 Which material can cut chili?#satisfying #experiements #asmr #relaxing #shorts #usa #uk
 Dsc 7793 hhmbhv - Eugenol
────────────────────
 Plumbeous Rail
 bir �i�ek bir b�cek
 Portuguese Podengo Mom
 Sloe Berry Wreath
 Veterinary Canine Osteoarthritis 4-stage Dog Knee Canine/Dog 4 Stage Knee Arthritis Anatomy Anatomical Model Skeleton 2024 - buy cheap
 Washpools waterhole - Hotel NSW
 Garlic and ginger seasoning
────────────────────
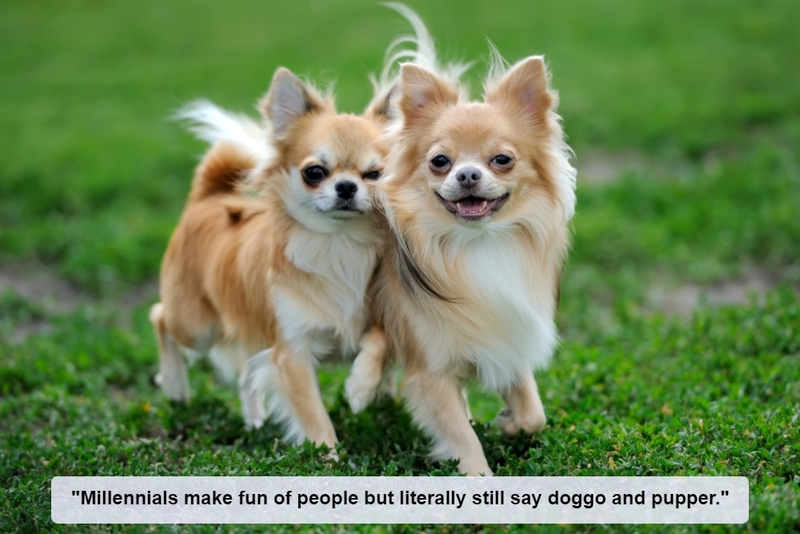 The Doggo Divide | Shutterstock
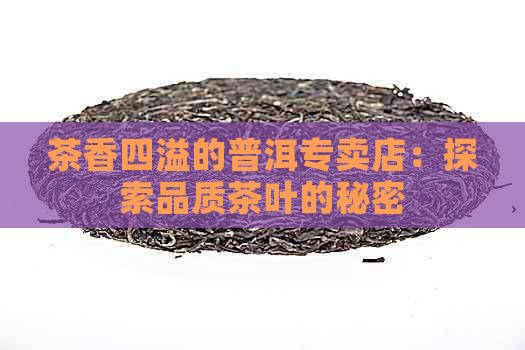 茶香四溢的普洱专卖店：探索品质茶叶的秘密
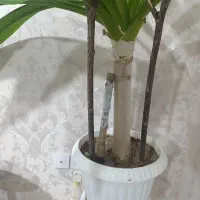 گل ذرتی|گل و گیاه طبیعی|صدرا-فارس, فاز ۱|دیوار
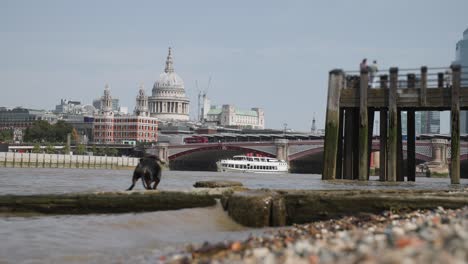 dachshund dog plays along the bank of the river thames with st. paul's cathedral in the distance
────────────────────
Write down again, exactly as given, only the lines above that fall from the line with "Which material can" to the line with "Dsc 7793 hhmbhv - Eugenol", inclusive.

*WRITTEN SOLUTION:*
 Which material can cut chili?#satisfying #experiements #asmr #relaxing #shorts #usa #uk
 Dsc 7793 hhmbhv - Eugenol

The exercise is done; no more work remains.